[Stored records]
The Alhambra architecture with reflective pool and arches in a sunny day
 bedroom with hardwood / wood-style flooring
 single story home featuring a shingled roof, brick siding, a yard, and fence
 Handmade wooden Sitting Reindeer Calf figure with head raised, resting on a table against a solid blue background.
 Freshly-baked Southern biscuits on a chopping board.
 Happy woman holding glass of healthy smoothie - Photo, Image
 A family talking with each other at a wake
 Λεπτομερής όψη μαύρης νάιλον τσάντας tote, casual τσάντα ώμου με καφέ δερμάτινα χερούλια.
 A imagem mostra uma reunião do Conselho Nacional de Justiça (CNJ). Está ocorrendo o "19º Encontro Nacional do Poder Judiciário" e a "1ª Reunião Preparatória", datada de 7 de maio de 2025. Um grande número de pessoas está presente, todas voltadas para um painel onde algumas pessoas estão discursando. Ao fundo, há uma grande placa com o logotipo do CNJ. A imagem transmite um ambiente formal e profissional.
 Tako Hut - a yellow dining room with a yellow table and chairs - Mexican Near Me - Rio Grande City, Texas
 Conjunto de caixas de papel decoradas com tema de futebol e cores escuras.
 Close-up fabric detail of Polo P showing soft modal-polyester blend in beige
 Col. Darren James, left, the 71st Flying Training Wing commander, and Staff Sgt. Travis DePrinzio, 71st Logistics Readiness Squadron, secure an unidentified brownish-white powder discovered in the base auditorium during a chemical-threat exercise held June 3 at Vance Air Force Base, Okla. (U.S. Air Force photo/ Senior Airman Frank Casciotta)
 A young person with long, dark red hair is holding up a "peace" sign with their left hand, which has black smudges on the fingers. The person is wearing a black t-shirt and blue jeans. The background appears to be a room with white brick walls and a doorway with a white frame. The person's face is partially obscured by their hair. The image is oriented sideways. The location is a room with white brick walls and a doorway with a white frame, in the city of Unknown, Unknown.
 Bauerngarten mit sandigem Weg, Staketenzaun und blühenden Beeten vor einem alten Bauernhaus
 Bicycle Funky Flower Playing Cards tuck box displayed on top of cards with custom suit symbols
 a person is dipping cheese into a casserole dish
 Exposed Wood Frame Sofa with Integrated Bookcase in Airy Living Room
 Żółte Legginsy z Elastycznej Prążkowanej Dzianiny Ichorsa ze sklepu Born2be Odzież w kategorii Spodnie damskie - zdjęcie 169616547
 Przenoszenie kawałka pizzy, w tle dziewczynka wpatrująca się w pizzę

**Your instructions**
Collect the complete line wherever the string "background" appears in the records.

**Solution to this problem**
 Handmade wooden Sitting Reindeer Calf figure with head raised, resting on a table against a solid blue background.
 A young person with long, dark red hair is holding up a "peace" sign with their left hand, which has black smudges on the fingers. The person is wearing a black t-shirt and blue jeans. The background appears to be a room with white brick walls and a doorway with a white frame. The person's face is partially obscured by their hair. The image is oriented sideways. The location is a room with white brick walls and a doorway with a white frame, in the city of Unknown, Unknown.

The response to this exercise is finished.